[EXERCISE]:
The records beneath should be printed exactly, and the pictures are to be left out.

[Crawled caption data]:
++++++++++++++++++++

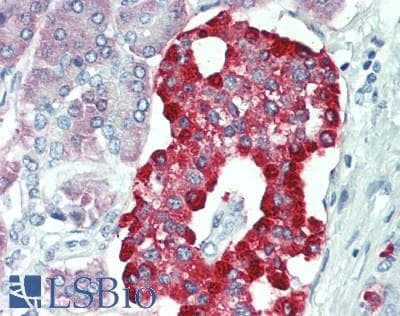 IHC-plus™ ERO1LB Antibody (aa266-293)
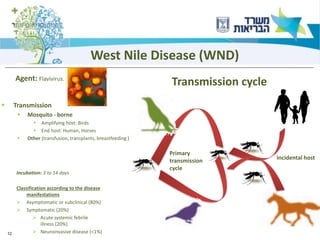 12
West Nile Disease (WND)
Agent: Flavivirus.
▪ Transmission
▪ Mosquito - borne
▪ Amplifying host: Birds
▪ End host: Human, Horses
▪ Other (transfusion, transplants, breastfeeding )
Transmission cycle
Incidental host
Primary
transmission
cycle
Incubation: 3 to 14 days
Classification according to the disease
manifestations
➢ Asymptomatic or subclinical (80%)
➢ Symptomatic (20%)
➢ Acute systemic febrile
illness (20%)
➢ Neuroinvasive disease (<1%)
 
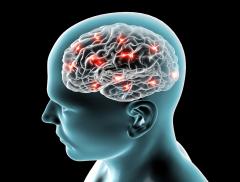 Scoperta una proteina nel cervello che attiva lo stimolo della sete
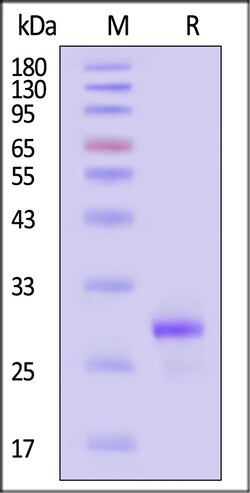 ACROBiosystems&nbsp;Human Nr4a1 Protein His Tag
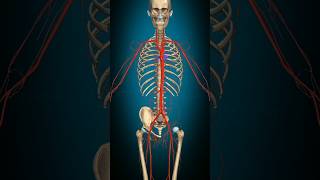 internalorgans anatomy humanbody doctor organsystem skeleton shoertsvideo viralediting [upl. by Arodnahs]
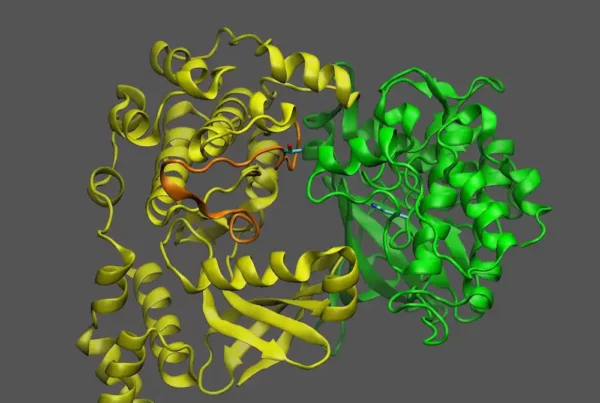 Image: This image shows a plant protein known as KIN10 (yellow) that acts as a sensor and a switch to turn oil production off or on depending on whether it interacts with another protein (green). See GIF and diagram below for details. Credit: Brookhaven National Laboratory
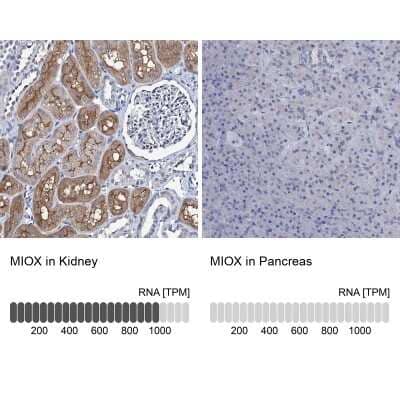 Immunohistochemistry-Paraffin: MIOX Antibody [NBP2-31976]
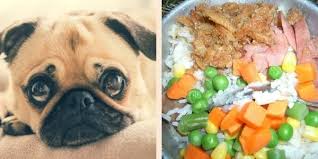 low protein dog food recipes for kidney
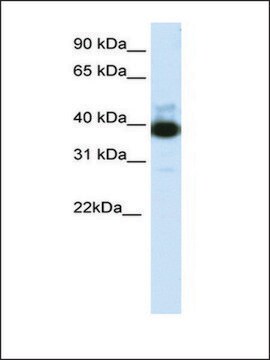 Anti-TTC19 (AB2) antibody produced in rabbit IgG fraction of antiserum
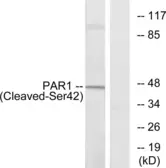 Anti-Thrombin Receptor (cleaved Ser42) antibody used in Western Blot (WB). GTX86903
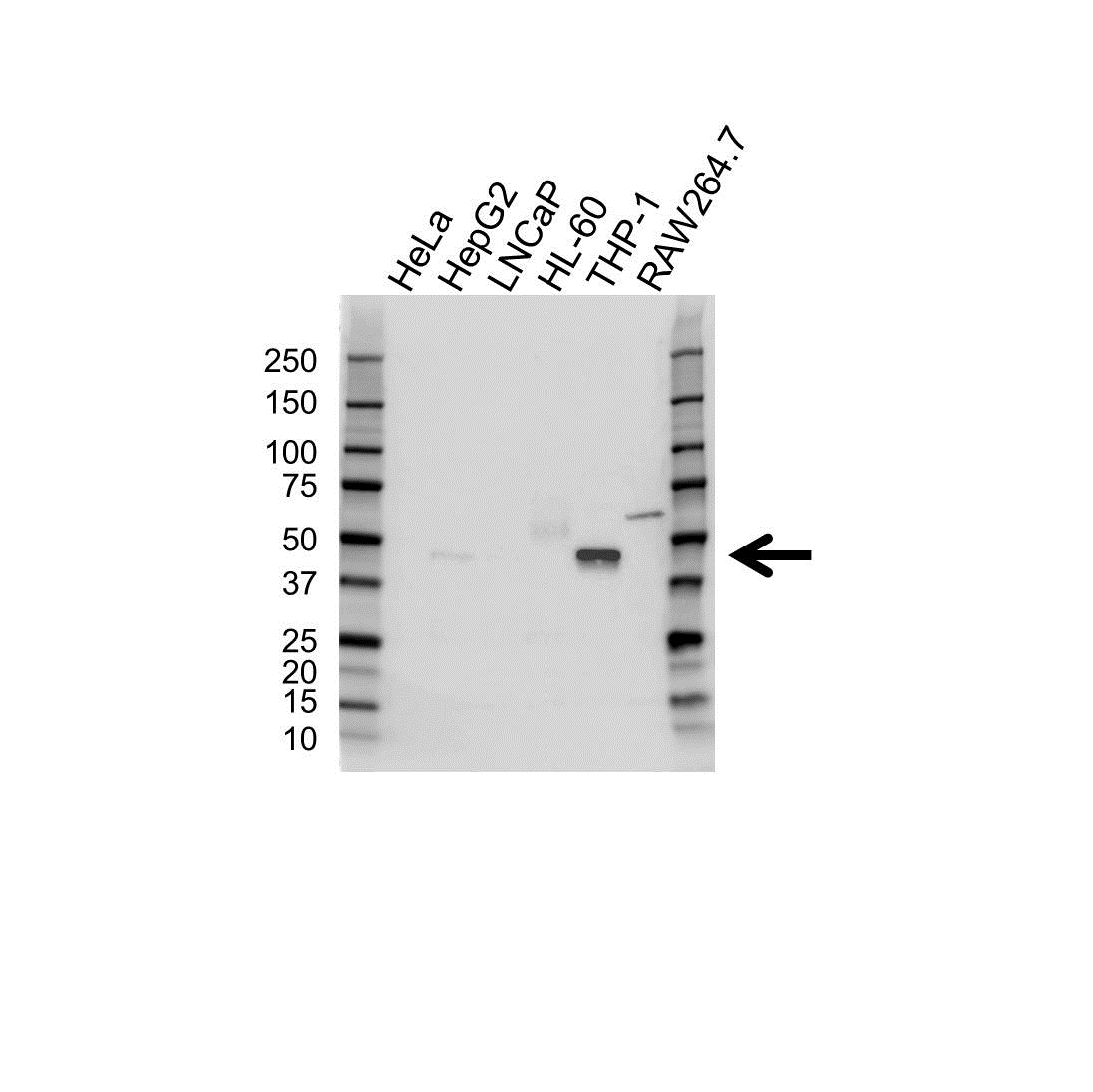 Anti Cebpa Antibody (PrecisionAb Polyclonal Antibody) gallery image 1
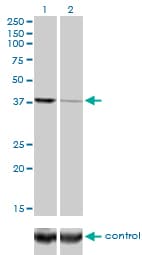 Anti-Argonaute-2 antibody [2E12-1C9] - BSA and Azide free(ab57113)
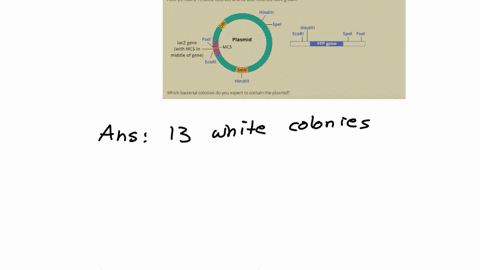 your-goal-is-to-clone-the-yfp-gene-using-one-or-more-restriction-enzymes-into-a-plasmid-that-contains-a-lacz-gene-with-an-internal-multiple-cloning-site-as-shown-below-the-smr-gene-confers-r-04652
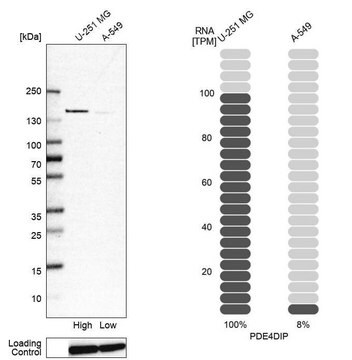 Anti-PDE4DIP antibody produced in rabbit affinity isolated antibody, buffered aqueous glycerol solution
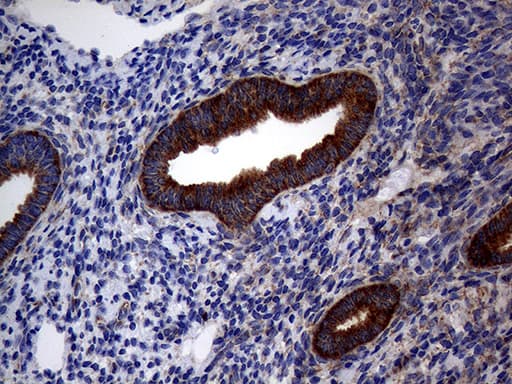 Monoclonal Mouse anti-Human DIRAS2 Antibody (clone OTI8A5, aa1-196, IHC, WB)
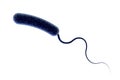 Vibrio cholerae bacterium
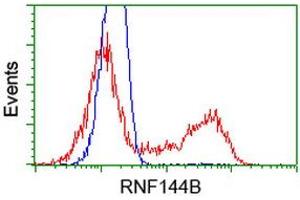 Image no. 2 for anti-Ring Finger Protein 144B (RNF144B) (AA 1-256) antibody (ABIN1490647) (RNF144B Antikörper  (AA 1-256))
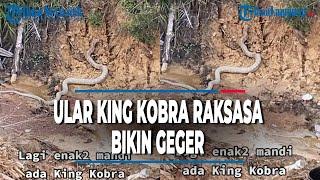 VIRAL PENAMPAKAN ULAR KING KOBRA RAKSASA BIKIN GEGER WARGA KALTENG | @TRIBUNLAMPUNGNEWSVIDEO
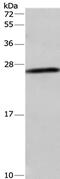 Dynactin Subunit 6 antibody, PA5-50394, Invitrogen Antibodies, Western Blot image 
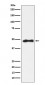 AP2 alpha Antibody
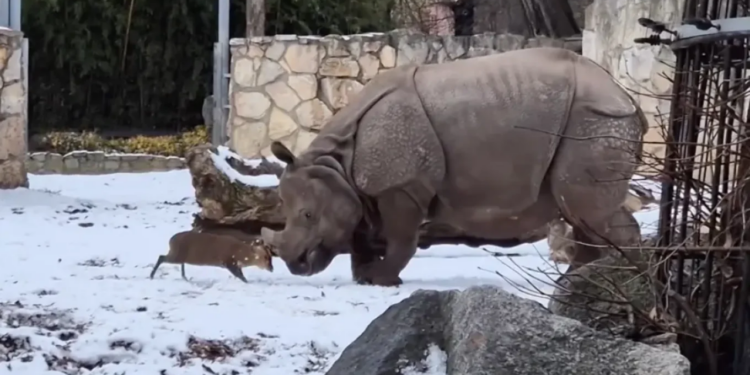 Davidi (dreri) përballet me Goliathin (rinocerontin) në një video nga një kopsht zoologjik polak që është bërë virale.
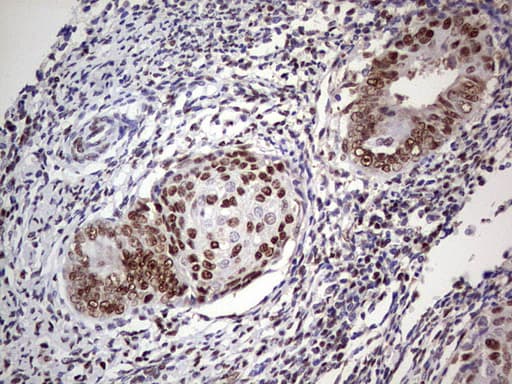 Monoclonal Mouse anti-Human C14orf166 Antibody (clone OTI4A3, IHC, WB)
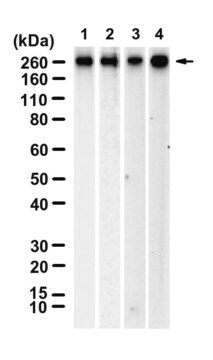 Anti-Myosin-11 Antibody, clone 1L21 ZooMAb&#174; Rabbit Monoclonal recombinant, expressed in HEK 293 cells
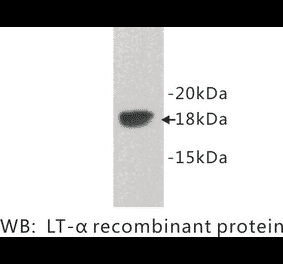 Western Blot - Anti-Lymphotoxin alpha Antibody (BPA1074) - Antibodies.com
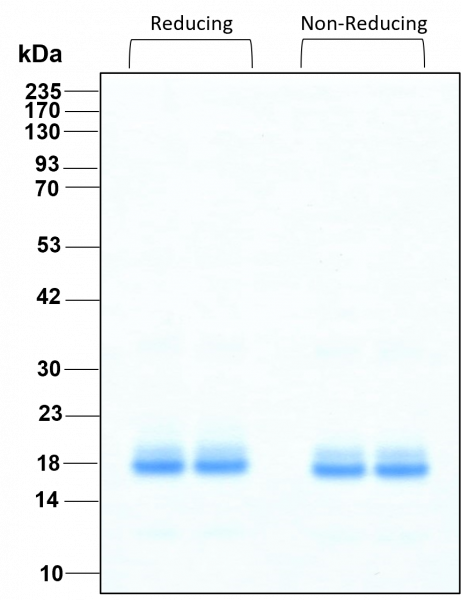 TNF alpha HumanKine(R) recombinant human protein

++++++++++++++++++++

[RESULT OF THIS EXERCISE]:
 IHC-plus™ ERO1LB Antibody (aa266-293)
 12
West Nile Disease (WND)
Agent: Flavivirus.
▪ Transmission
▪ Mosquito - borne
▪ Amplifying host: Birds
▪ End host: Human, Horses
▪ Other (transfusion, transplants, breastfeeding )
Transmission cycle
Incidental host
Primary
transmission
cycle
Incubation: 3 to 14 days
Classification according to the disease
manifestations
➢ Asymptomatic or subclinical (80%)
➢ Symptomatic (20%)
➢ Acute systemic febrile
illness (20%)
➢ Neuroinvasive disease (<1%)
 
 Scoperta una proteina nel cervello che attiva lo stimolo della sete
 ACROBiosystems&nbsp;Human Nr4a1 Protein His Tag
 internalorgans anatomy humanbody doctor organsystem skeleton shoertsvideo viralediting [upl. by Arodnahs]
 Image: This image shows a plant protein known as KIN10 (yellow) that acts as a sensor and a switch to turn oil production off or on depending on whether it interacts with another protein (green). See GIF and diagram below for details. Credit: Brookhaven National Laboratory
 Immunohistochemistry-Paraffin: MIOX Antibody [NBP2-31976]
 low protein dog food recipes for kidney
 Anti-TTC19 (AB2) antibody produced in rabbit IgG fraction of antiserum
 Anti-Thrombin Receptor (cleaved Ser42) antibody used in Western Blot (WB). GTX86903
 Anti Cebpa Antibody (PrecisionAb Polyclonal Antibody) gallery image 1
 Anti-Argonaute-2 antibody [2E12-1C9] - BSA and Azide free(ab57113)
 your-goal-is-to-clone-the-yfp-gene-using-one-or-more-restriction-enzymes-into-a-plasmid-that-contains-a-lacz-gene-with-an-internal-multiple-cloning-site-as-shown-below-the-smr-gene-confers-r-04652
 Anti-PDE4DIP antibody produced in rabbit affinity isolated antibody, buffered aqueous glycerol solution
 Monoclonal Mouse anti-Human DIRAS2 Antibody (clone OTI8A5, aa1-196, IHC, WB)
 Vibrio cholerae bacterium
 Image no. 2 for anti-Ring Finger Protein 144B (RNF144B) (AA 1-256) antibody (ABIN1490647) (RNF144B Antikörper  (AA 1-256))
 VIRAL PENAMPAKAN ULAR KING KOBRA RAKSASA BIKIN GEGER WARGA KALTENG | @TRIBUNLAMPUNGNEWSVIDEO
 Dynactin Subunit 6 antibody, PA5-50394, Invitrogen Antibodies, Western Blot image 
 AP2 alpha Antibody
 Davidi (dreri) përballet me Goliathin (rinocerontin) në një video nga një kopsht zoologjik polak që është bërë virale.
 Monoclonal Mouse anti-Human C14orf166 Antibody (clone OTI4A3, IHC, WB)
 Anti-Myosin-11 Antibody, clone 1L21 ZooMAb&#174; Rabbit Monoclonal recombinant, expressed in HEK 293 cells
 Western Blot - Anti-Lymphotoxin alpha Antibody (BPA1074) - Antibodies.com
 TNF alpha HumanKine(R) recombinant human protein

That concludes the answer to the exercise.